S. Arabistan’ın düşmanı kendi içindedir, yönetim ekibindedir, Kraliyet ailesi içindedir. O Ilımlı İslâm söylemleri, o sempati dalgası bir yemdir, büyük yıkımı pazarlama söylemidir. Riyad, derhal Muhammed bin Selman’ı geri çekmeli, derhal Muhammed bin Zaid etkisini sıfırlamalıdır.
Erdoğan işte bu planı bozuyor: Kral’a; “Oğlunu durdur, ülken mahvolur” diyor
Cumhurbaşkanı Erdoğan bu senaryoyu, bu tezgâhı biliyor. Kendisine ve ülkemize yönelik söz konusu düşmanlığın içeriğini biliyor. 15 Temmuz’u başaramayanlar aynı senaryoyu bölgeden tezgâhlıyor, bunu yaparken Türk-Arap cepheleri inşa ediyor. İkisinin de arkasında aynı irade, aynı güçler, aynı bölgesel hesap, aynı ittifaklar vardır. Cumhurbaşkanı’nın Kaşıkçı meselesi ile ilgili hassasiyetlerini ifade ederken Suudi yönetimini ve Kral’ı özellikle korumaya çalışması, durumdan ayrı tutması bundandır.

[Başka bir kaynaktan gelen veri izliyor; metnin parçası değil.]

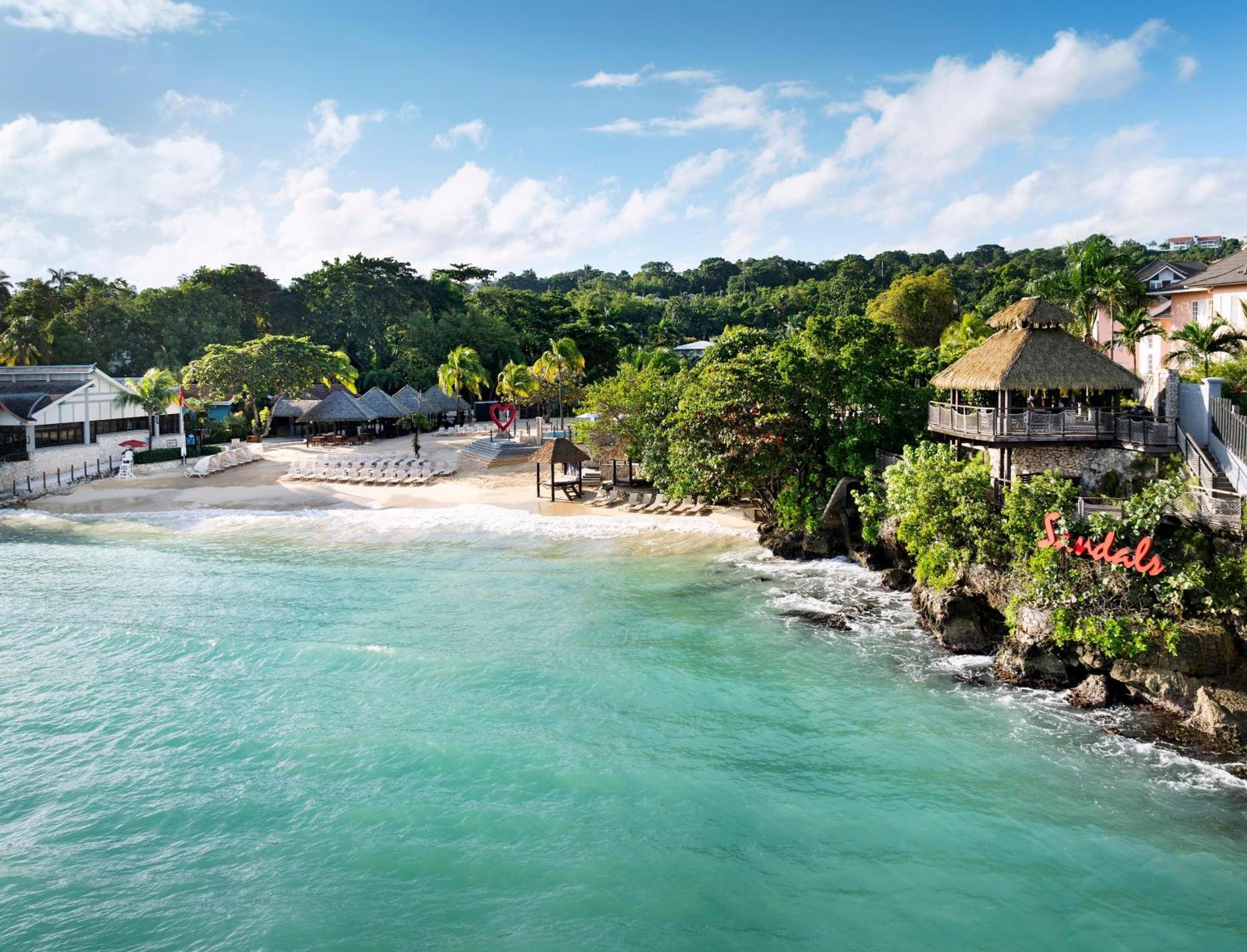 אוצ'ו ריוס Sandals Ochi Beach All Inclusive Resort - Couples Only (Adults Only) מראה חיצוני תמונה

Kral’a; “Oğlun, Bin Zaid, içinde bulunduğu ittifak, uğruna çalıştığı proje hem size, hem bize hem de bütün bölgeye büyük bir yıkım getirecek, bunu durdur” demeye çalışmaktadır. Erdoğan burada S. Arabistan’ı uyarmaya çalışıyor.

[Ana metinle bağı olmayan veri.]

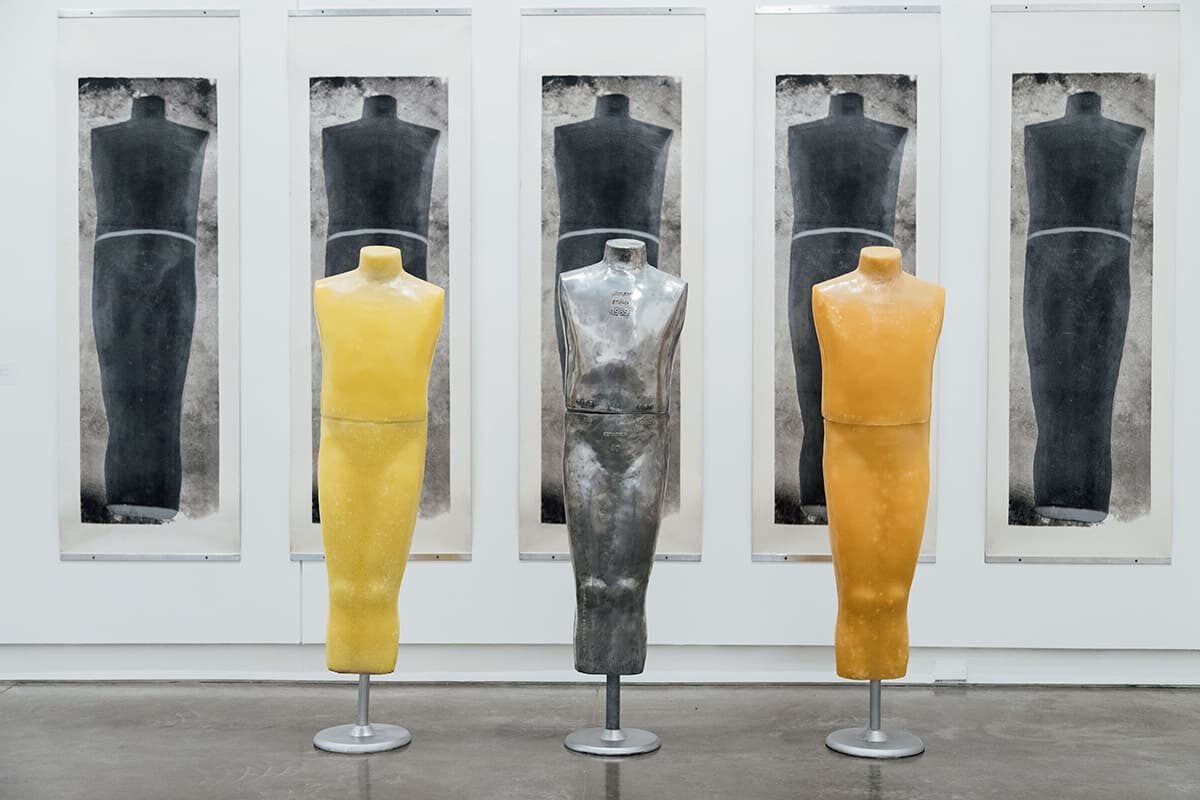 Poéticas frías de María Dolores Garcés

Durdurmazsa ne olacak: Bir-iki yıl içinde bütün Körfez’i yakacaklar..
Maalesef Riyad yönetimi bunu anlamadı. Belki de aşırı bağımlılığın, “rehin alınmışlığın” etkisiyle anlasa da bir şey yapamıyor. Ama başka yol yok. Oyun S. Arabistan üzerinden kuruldu, orada bozulmalıdır. Riyad yönetimi uyanamazsa, tedbir alamazsa, o ekibi tasfiye edemezse ne olacak?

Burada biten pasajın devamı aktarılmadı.